İş sadece incelikli ve keskin senaryoda bitmiyor tabi. Demet Evgar'ın deli sakinliği, sabırlı coşkusu, masumane acımasızlığı o kadar sahici ki. Yerine kim oynayabilir diye düşündüğünüzde alternatifinin olmadığını net olarak öngörüyorsunuz. Erkekliklerine halel gelmeyeceğinden emin ama ava giderken avlanan karakterlerde Fatih Al ve Alican Yücesoy da gayet başarılı. Hatta Yücesoy yer yer Evgar'dan rol çalıyor. Filmin genel olarak kapalı alanı mesken tutması ve karalık tonları, Neslihan'ın hapis hayatıyla bütünleşiyor. Ferzan Özpetek'in rengarenk, müzikli, muhabbetli kutsal mutfağı ve yemekleri, Ümit Ünal'ın terminatörü haline geliyor ve müthiş bir ironi yaratıyor.

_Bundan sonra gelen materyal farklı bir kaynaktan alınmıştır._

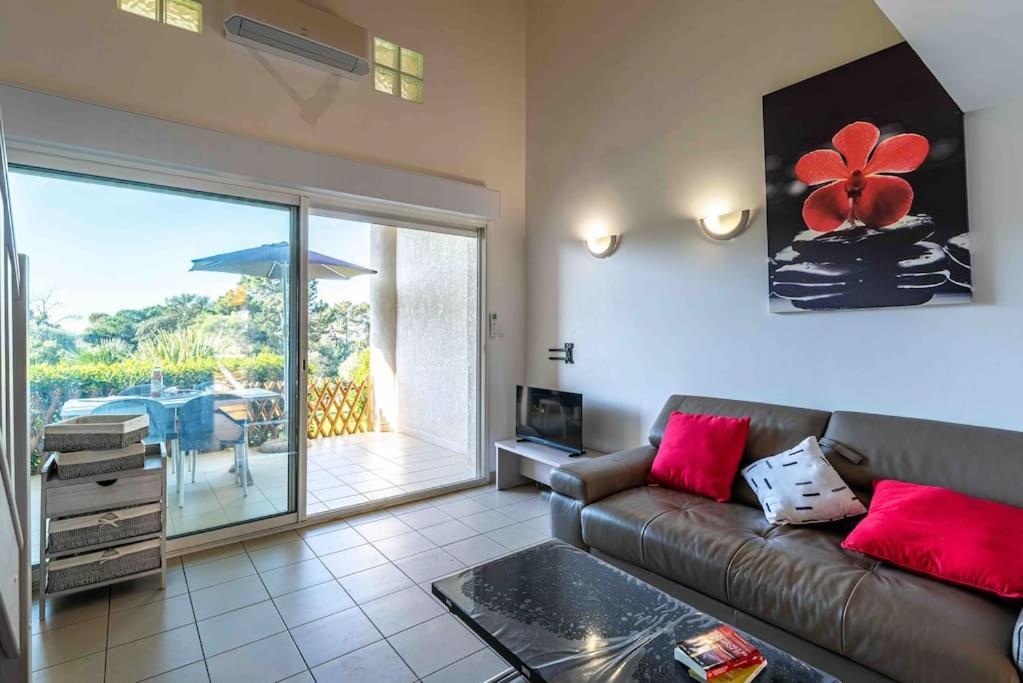 Bella Vista , A Porticcio, Joli Appartement Vue Mer Grosseto-Prugna Exterior foto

Sofra Sırları, pırıl pırıl bir anaakım sinema örneği olarak ulusal festivallerde jürinin kapsama alanına giremedi ne yazık ki. Geçen sene festivallerde hem halkın hem de sinema yazarlarının beğenisini buluşturabilen Sofra Sırları umarız gişede karşılığını alır.

Arka Pencere dergisinin Şubat 2018 sayısından.